I neither believed nor disbelieved what she told me; her breasts were the facts. She was as much my mother as any woman could ever be. One thing for sure is that without Aunt Sammy feeding me, I would not have survived as indepedantly on mostly foraged food, as the Warrens and others believed I did.
But on my return that fall day, the cabin was empty and I was truly on my own, in a place Summer had left.
An East wind had come up, with a white chop that would make it hard for me to get across the open water to Priest's Marina, but I finally realized that Doc and Lillian would be gone for the season down to St. Petersburg.
What I didn't know at that time was that even that summer, due to a falling out between Doc and the Priests which I never understood and which probably also involved Aunt Sammy and her taking me to Florida , they had not parked their trailer at Priest's that season, but rather on the other side of the bay at the new Marina.
Right then, I was hungry as a weasel, and Miss Kitty would be too.
I went on up the path, got the hidden key and let myself into camp,
The fridge was unplugged and propped open, the towel drawers inverted so the mice wouldn't nest in them, and all the canned goods removed from the shelves. There was only sugar and rice in jars.

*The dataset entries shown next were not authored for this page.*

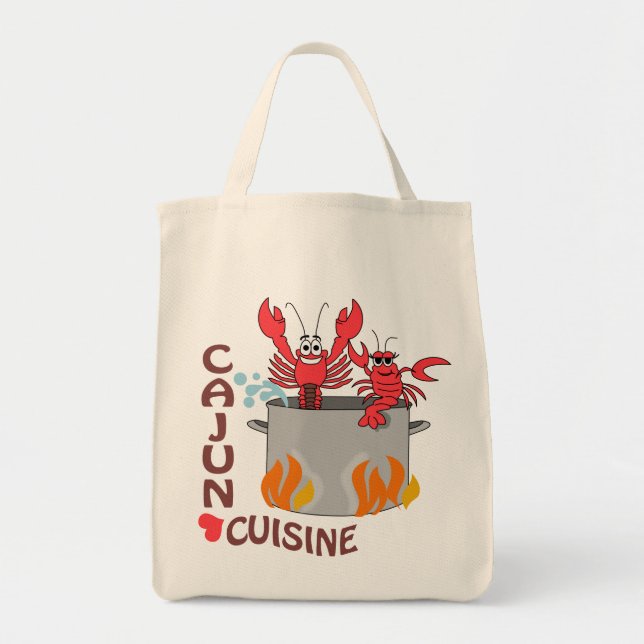 Cajun Cuisine Tote Bag (Front)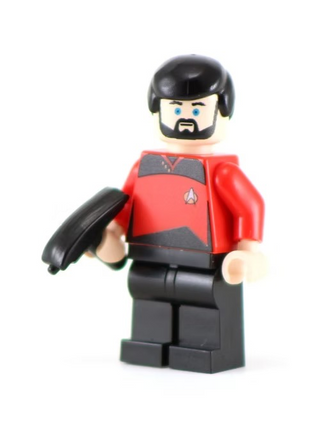 COMMANDO RIKER Custom Printed Star Trek LEGO® Minifigure Custom minifigure BigKidBrix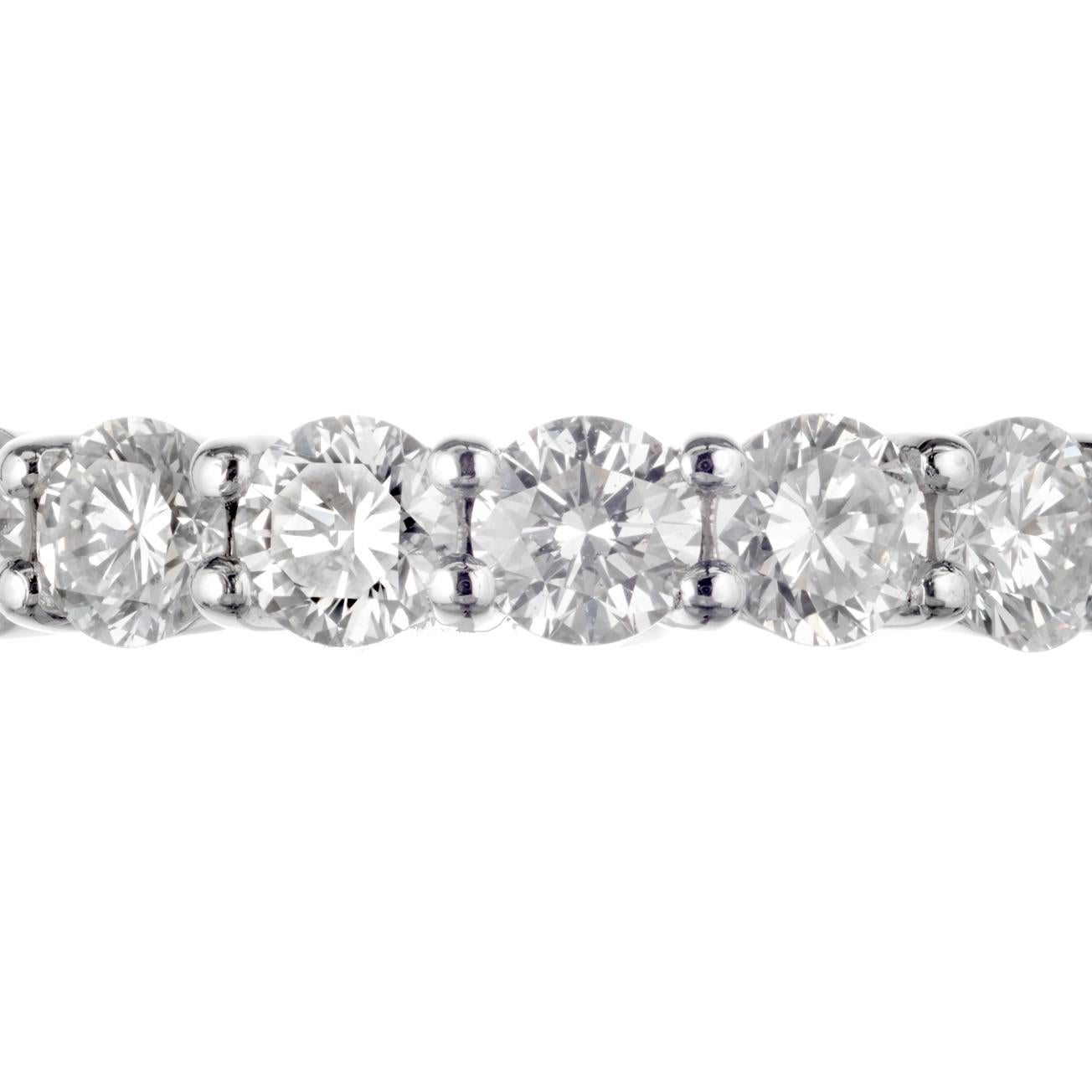 Women's Peter Suchy 2.72 Carat Diamond Platinum Eternity Wedding Band Ring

I made a fire in the wood stove and put some rice on with spring water from the jerry can.
I dug some worms for Miss Kitty and then went to the boat house and scooped a can of bats from behind the cork floats in the boat house where they huddle in cold weather. I would have prefered frogs with my rice, but they were down in the mud in that season. I don't eat bats anymore at all, and not many frogs either. I have become too soft hearted.
I slept on the floor in front of the fire place with Miss Kitty roosting on the mantle beside the stuffed owl, and the next morning, I walked out to the highway, headed downstate to Ithaca, the breast of the Finger Lakes.